From there though, they ask if $sH_n$ is a real vector space, and I'm not sure what to answer. It's real if we only use reals?
I'm asked the same thing for $U_n$, where $U_n$ represents n x n unitary matrices. I'm not even sure how to come up with a basis for this set??
Edit: Technically, the question says "Is $U_n$ a real vector space? Write a basis if possible."
I suppose I couldn't write a basis because $U_n$ is not a real vector space then. How would I show that though? 
Thanks in advance for your help. 
 A: A basis for $H_2$ over $\mathbb{R}$ is
$$
\left(
\begin{array}{cc}
1&0\\
0&0\\
\end{array}
\right),
\left(
\begin{array}{cc}
0&0\\
0&1\\
\end{array}
\right),
\left(
\begin{array}{cc}
0&i\\
-i&0\\
\end{array}
\right),
\left(
\begin{array}{cc}
0&1\\
1&0\\
\end{array}
\right).
$$
Being a real vector space doesn't mean that the entries have to be real, just that it is closed under multiplication by real scalars.
Another way of phrasing this is that an arbitrary $2\times 2$ Hermitian matrix is of the form
$$
\left(
\begin{array}{cc}
a&c+di\\
c-di&b\\
\end{array}
\right) \text{ with } \ a, \ b, \ c, \ d\in\mathbb{R}.
$$
As noted in another answer, Hermitian matrices do not form a complex vector space, i.e. for $\alpha\in\mathbb{C}\setminus\mathbb{R}$ and Hermitian $H$
$$
\overline{\alpha H}=\bar{\alpha}\overline{H}=\bar{\alpha}H\neq\alpha H.
$$
A: In the general case, a standard basis is given (up to normalisation) by
$$E_{ii},\qquad E_{ij}+E_{ji}, \qquad i(E_{ij}-E_{ji}),$$
for all $i,j=1,...,n$ with $i<j$, and where I used the notation $E_{ij}\equiv e_i e_j^*$, where $e_i$ is the unit vector that is nonzero only in its $i$-th component: $(e_i)_j =\delta_{ij}$ and $(E_{ij})_{k\ell}=\delta_{ik}\delta_{j\ell}$.
Clearly all these matrices are Hermitian. To verify that form an orthogonal basis, we just need to check that
$$\mathrm{Tr}(E_{ii} (E_{jk}+E_{kj}))
=\mathrm{Tr}(E_{ii}(E_{jk}-E_{kj}))) 
=\mathrm{Tr}(E_{ii}E_{jk})) = \delta_{ij}\delta_{ik} = 0, \qquad (\text{as } j<k), \\
\mathrm{Tr}[(E_{ij}+E_{ji})(E_{k\ell}-E_{\ell k})]
= 0, \\
\mathrm{Tr}[(E_{ij}+E_{ji})(E_{k\ell}+E_{\ell k})]
=2(\delta_{jk}\delta_{i\ell} + \delta_{j\ell}\delta_{ik}), \\
\mathrm{Tr}[(E_{ij}-E_{ji})(E_{k\ell}-E_{\ell k})]
=2(\delta_{jk}\delta_{i\ell} - \delta_{j\ell}\delta_{ik}).$$

See also this related question.
A: *

*I take it your specific question in the first instance is: I don't understand why it has to be a real vector space because we can add together complex numbers just as well, can't we? Yes, but don't forget the little detail of complex conjugates. Observe that $$i\begin{pmatrix}0&i\\-i&0\end{pmatrix}+\begin{pmatrix}0&1\\1&0\end{pmatrix}=\begin{pmatrix}0&0\\2&0\end{pmatrix}$$ is a $\mathbb{C}$-linear combination of Hermitian matrices, and the result is not Hermitian.
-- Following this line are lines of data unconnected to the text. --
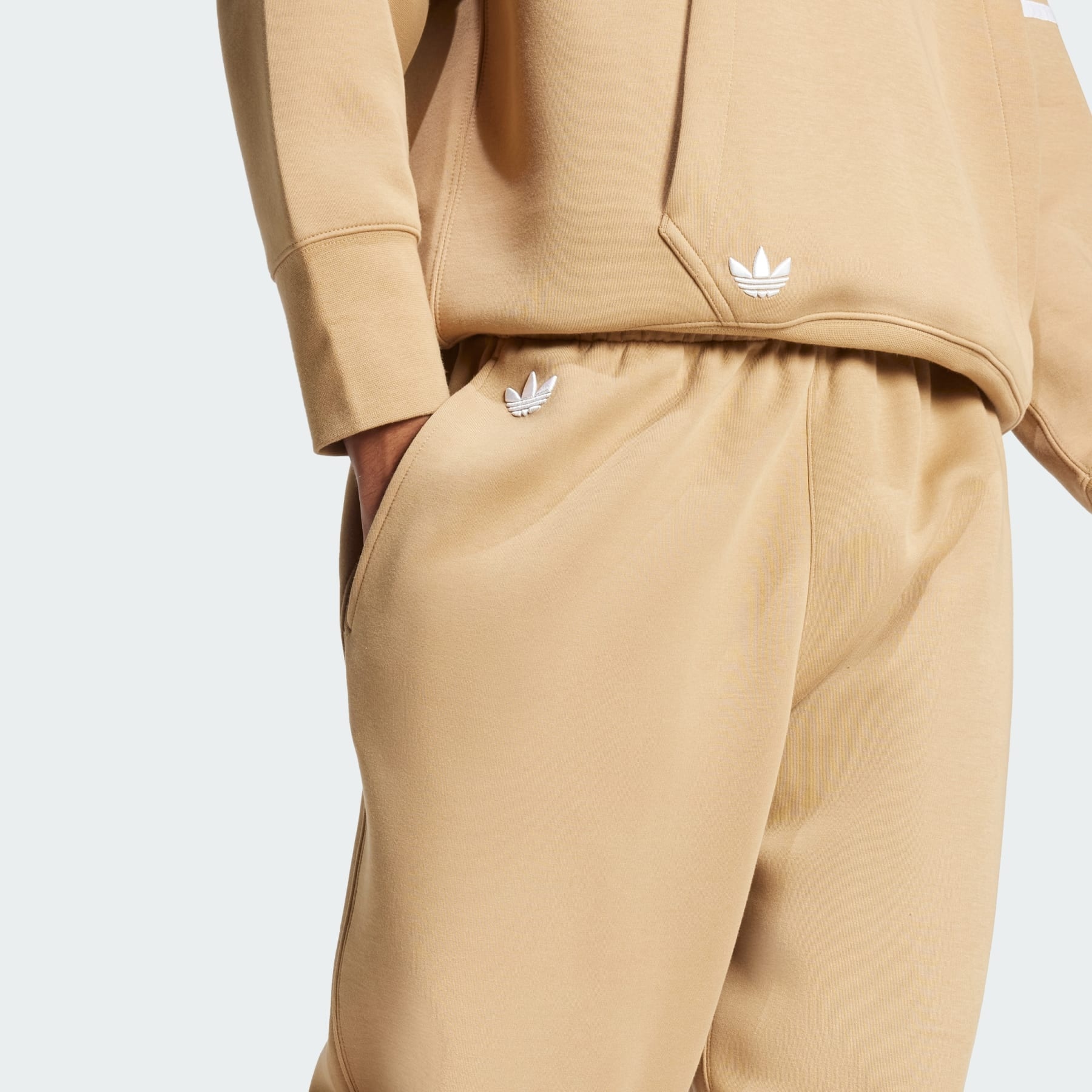 Neuclassics Sweat Pants - 5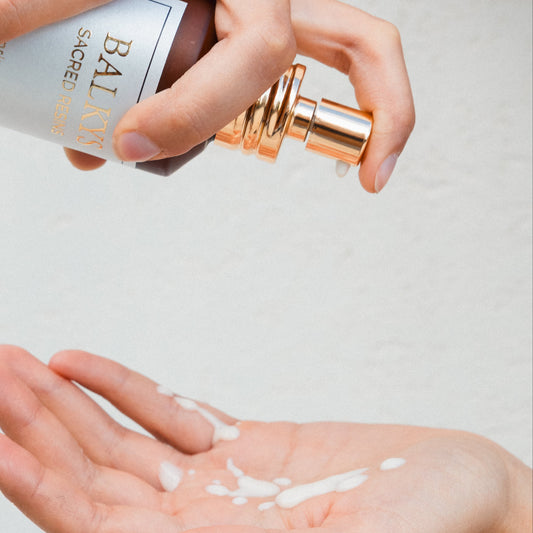 Peeling viso Sacred Resins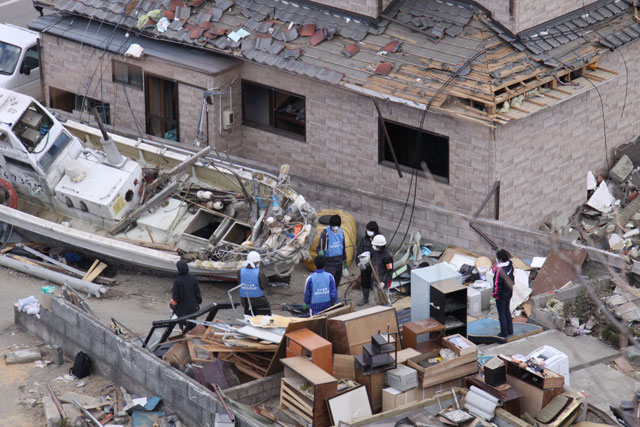 Volunteer / Rubble / Clearance working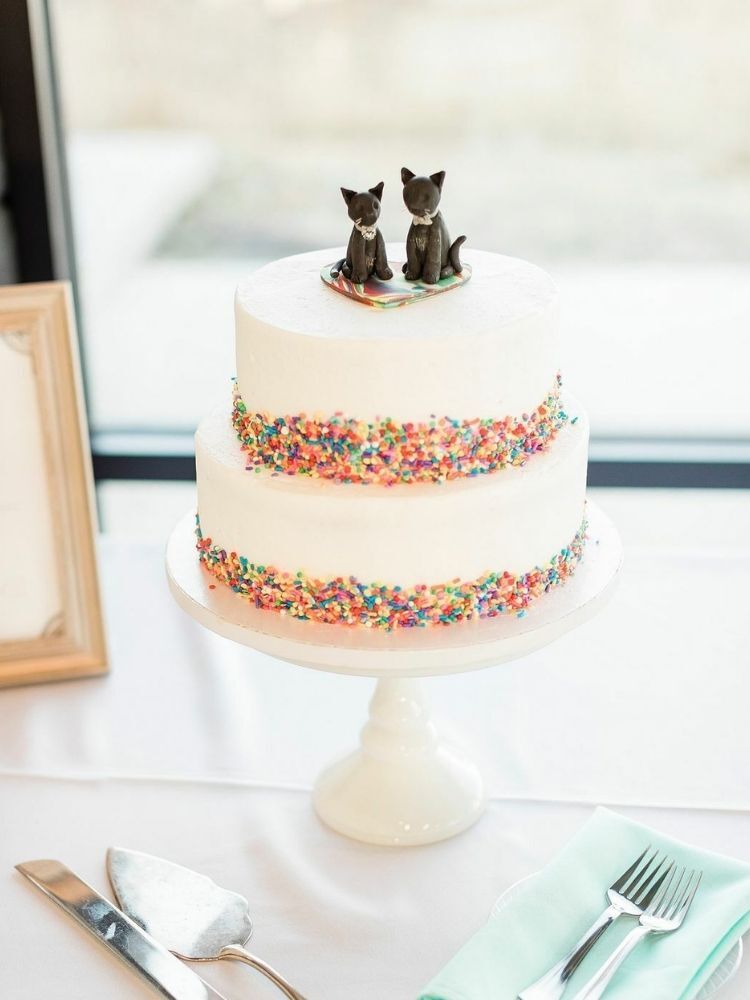 wedding cake with cat cake topper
*With entries strictly in $\mathbb{R}$, Hermitian matrices are just symmetric matrices so your basis is correct and is indeed the very one for symmetric matrices. However, the problem probably wants the matrices here to include components from $\mathbb{C}$, so what you have is incomplete. By linearity, try treating the real and imaginary parts of the elements of $H_n$ separately.

*As for the basis for what you call $SH_2$, what about the following matrix, which isn't represented by what you have? And do you know what "diagonals" refers to in a matrix? $$\begin{pmatrix}0&1\\-1&0\end{pmatrix}$$ Of course, this one probably wants complex hermitian matrices as well.

*Careful. The addition of two unitary matrices is generally not unitary, so try to understand what the question means...